* _TASK INSTRUCTIONS_: The answer must be the lines from the one that holds "Photo - Clean and Spacious 3Bedroom" through the final line of the data, copied exactly, with no pictures.

* _DATASET CONTENT_:
=== Begin Enclosure ===

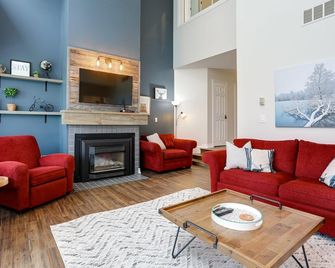 The Lodges At Blue Mountain Wintergreen Condos - The Blue Mountains - Sala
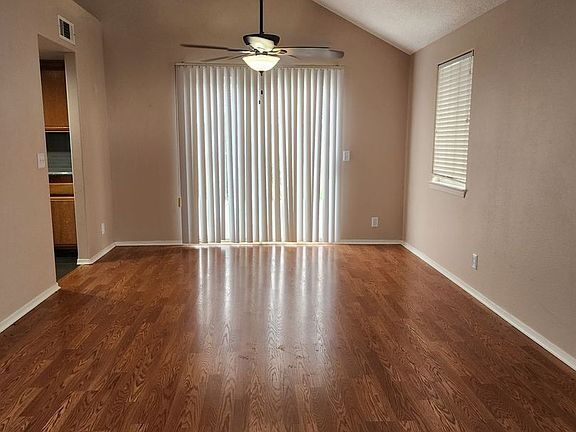 Photo - Clean and Spacious 3Bedroom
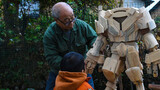 Perajin kayu tua membuat "Robot Swords of Legends Nyata" sendi dapat digerakkan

=== End Enclosure ===

* _OUTPUT BELOW_:
 Photo - Clean and Spacious 3Bedroom
 Perajin kayu tua membuat "Robot Swords of Legends Nyata" sendi dapat digerakkan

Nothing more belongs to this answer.